News & Insights


Highlighting the importance of the statute of repose in relation to construction and design indemnity claims, the United States Court of Appeals for the Sixth Circuit recently affirmed summary judgment based on the Tennessee statute of repose in favor of a third-party defendant subcontractor.  Hinman v. ValleyCrest Landscaping Development, Inc., 89 F.4th 572 (6th Cir. 2024).  Jere Hinman (“Ms. Hinman”) hired BrightView Landscaping Development, Inc. (“BrightView”) to design and build a pool and waterscape system in her backyard.  BrightView subcontracted a portion of the work to Georgia Gunite and Pool Company, Inc. (“Georgia Gunite”).  The subcontract required Georgia Gunite to indemnify BrightView for any “actions” arising from Georgia Gunite’s work under the subcontract.  Ms. Hinman sued BrightView over three (3) years later for allegedly defective design and construction.

Over two (2) years after the original lawsuit was filed, BrightView asserted a contractual indemnity claim against Georgia Gunite.  Georgia Gunite sought summary judgment under Tennessee’s statute of repose, Tenn. Code Ann. § 28-3-202, which provides a four-year repose period for claims against design and construction professionals.  BrightView argued the statute does not apply to claims arising from contracts and thus does not apply to contractual indemnity claims.  The District Court disagreed, holding all indemnity claims are essentially equitable in nature and derivative of some underlying tort liability on the part of the party seeking indemnification.
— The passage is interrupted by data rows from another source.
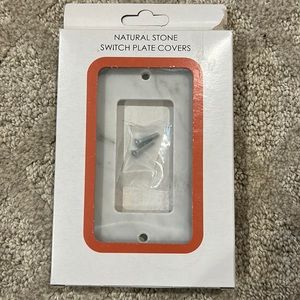 ITALIAN CARRARA WHITE MARBLE SINGLE SWITCH PLATE / SWITCH PLATE / COVER - HONED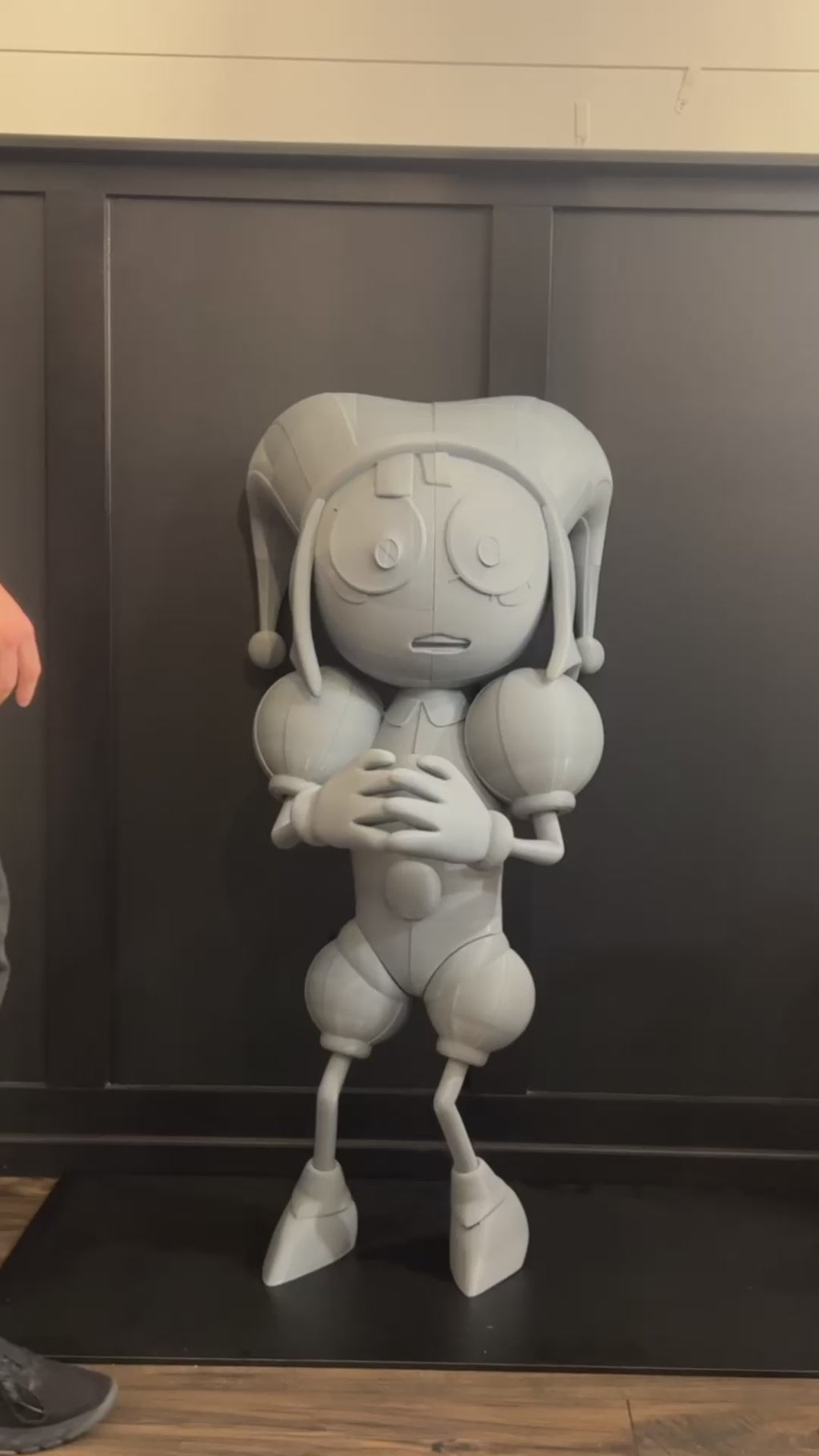 POMNI Life-size Statue The Amazing Digital Circus
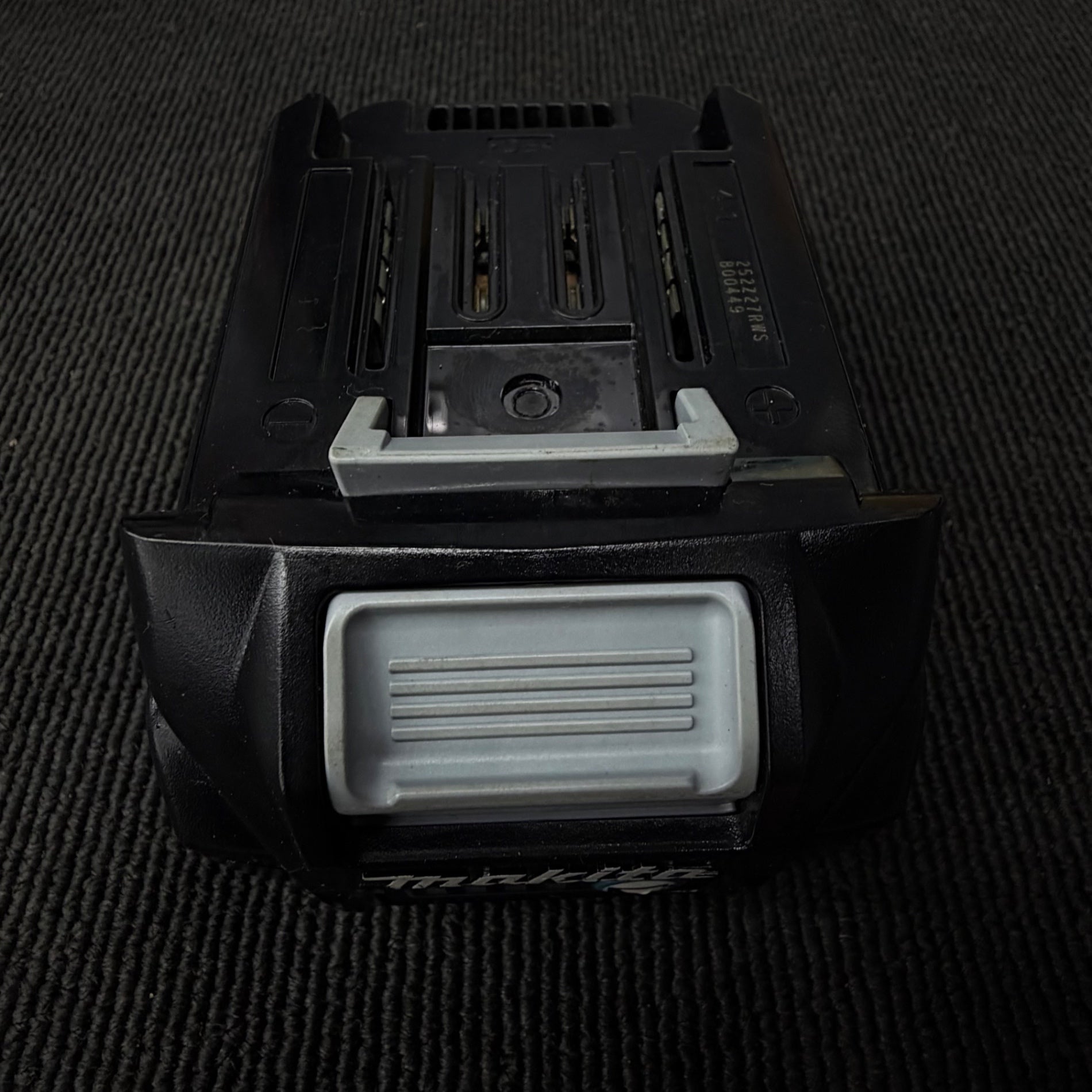 美品 純正 リチウムイオンバッテリー 40V/2.5Ah BL4025 【リライズ蓮田店】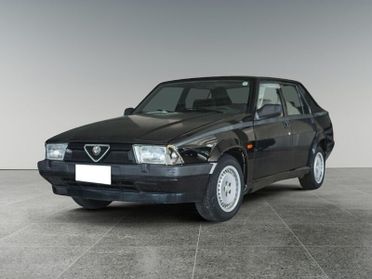 Alfa Romeo 75 2.0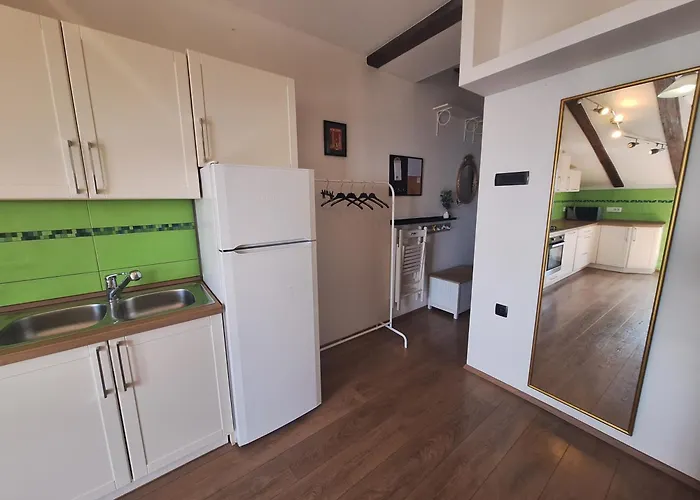 Apartman Fenix - Stunning View, Great Location & Free Parking *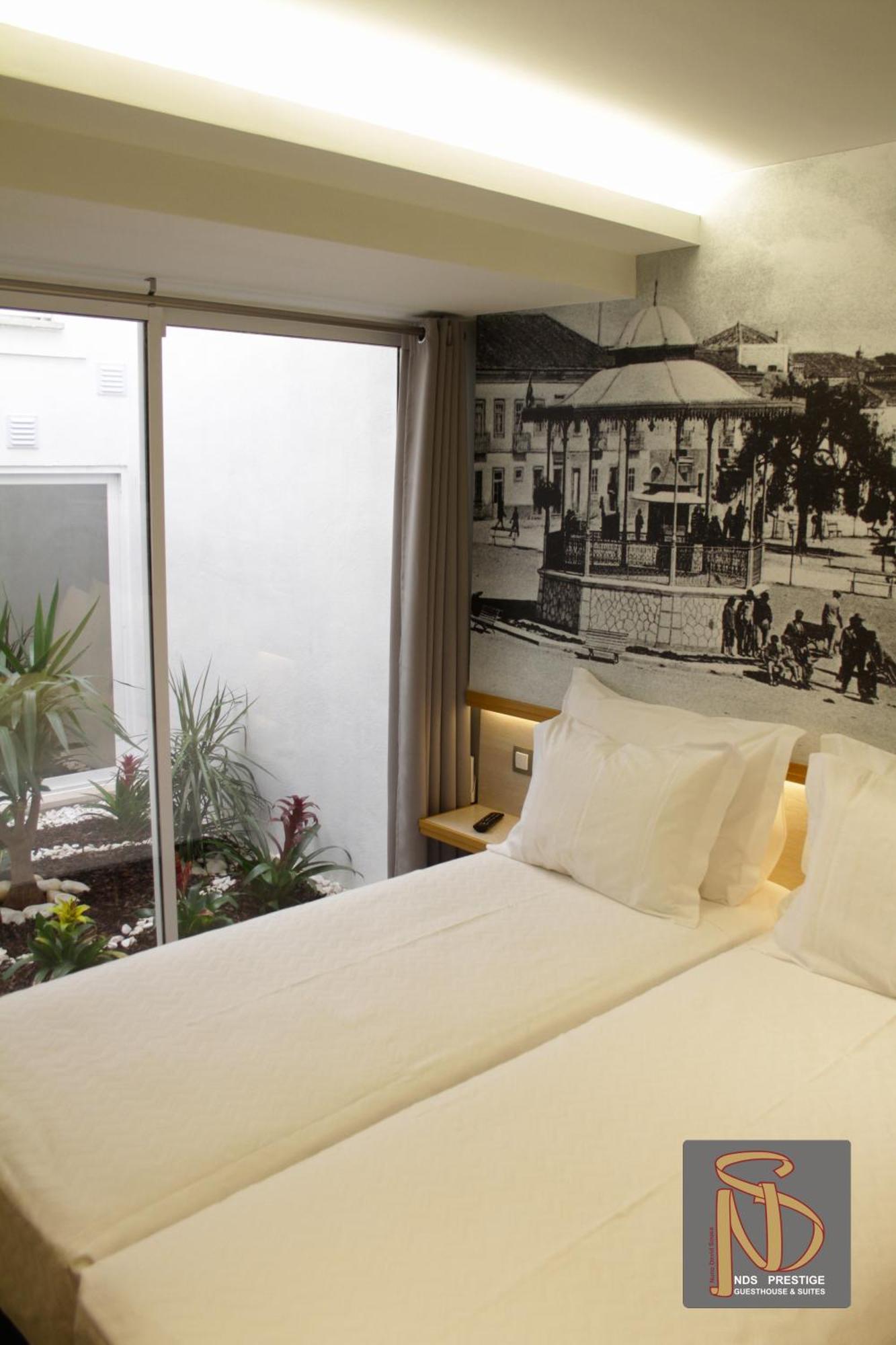 Rocha Prestige - Guest House And Suites ปอร์ติเมา ภายนอก รูปภาพ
The Sixth Circuit affirmed the summary judgment, but on somewhat different grounds.  Interpreting the statute’s plain, ordinary meaning, the Sixth Circuit explained the text does not expressly exempt contractual claims or otherwise limit its reach to tort or tort-derived claims.  The Sixth Circuit acknowledged the Tennessee Supreme Court had not decided this specific question but had cited previous Tennessee Court of Appeals decisions holding the statute of repose covers all civil actions.  Accordingly, the Sixth Circuit concluded the Tennessee Supreme Court would, if presented with the question, hold the statute of repose covers all civil actions.

The Sixth Circuit has answered the question whether the statute of repose applies to all civil actions for cases against design professionals.  While the Tennessee Supreme Court could always correct this, it appears the statute of repose protects architects and engineers from claims filed more than four years after they accrue, even if filed as third party indemnity claims.